EXERCISE DATA:

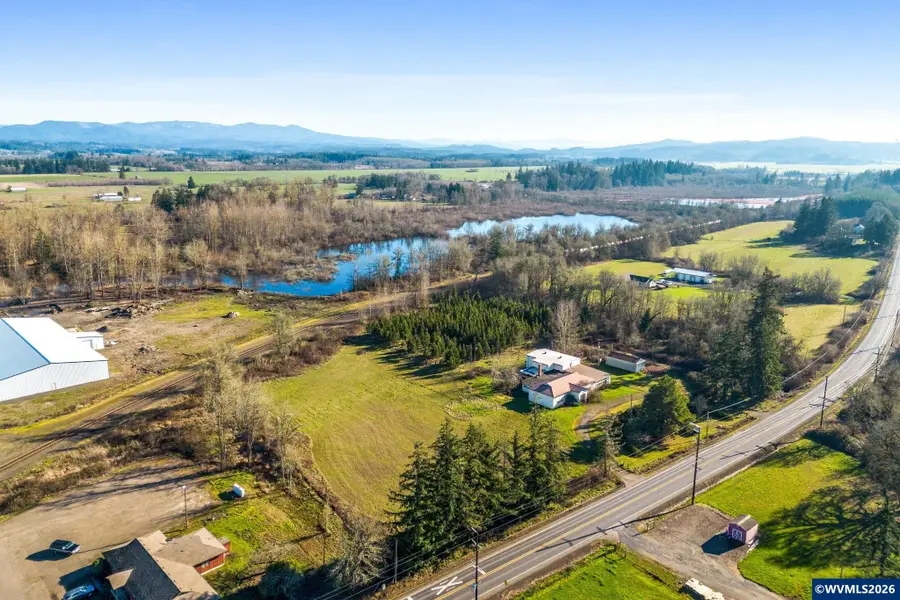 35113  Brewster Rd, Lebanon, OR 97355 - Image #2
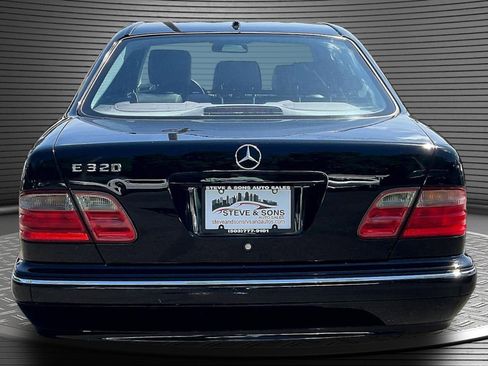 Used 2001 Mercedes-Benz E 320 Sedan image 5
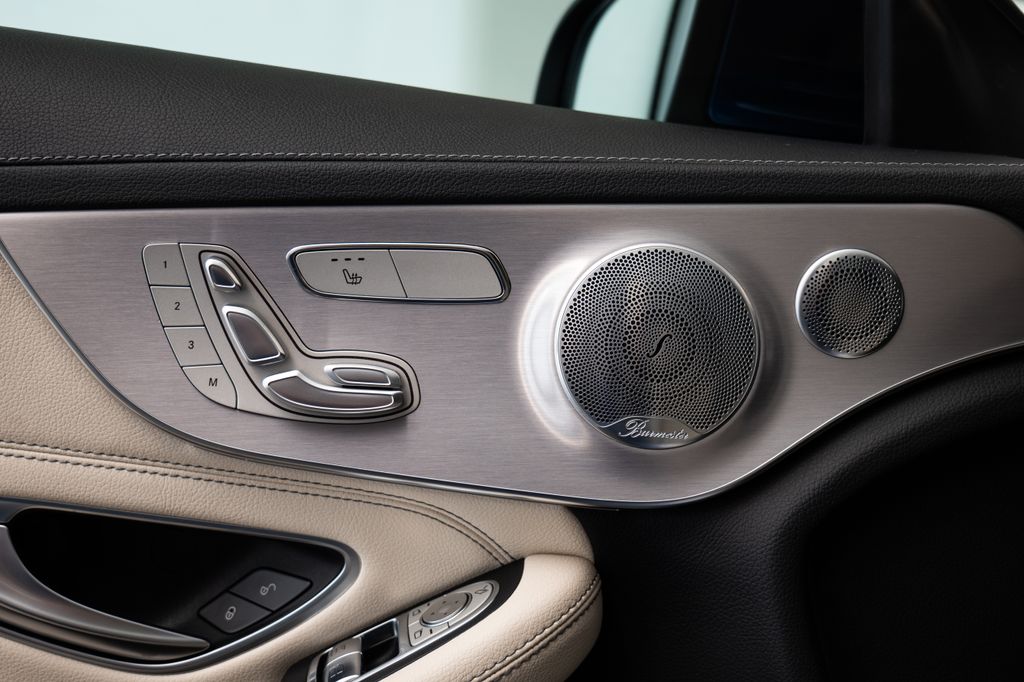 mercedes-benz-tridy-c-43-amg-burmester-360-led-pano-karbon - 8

WORK INSTRUCTION:
Whenever a line holds a picture, print that line without the picture. All other data must be output exactly.

WRITTEN RESPONSE:
 35113  Brewster Rd, Lebanon, OR 97355 - Image #2
 Used 2001 Mercedes-Benz E 320 Sedan image 5
 mercedes-benz-tridy-c-43-amg-burmester-360-led-pano-karbon - 8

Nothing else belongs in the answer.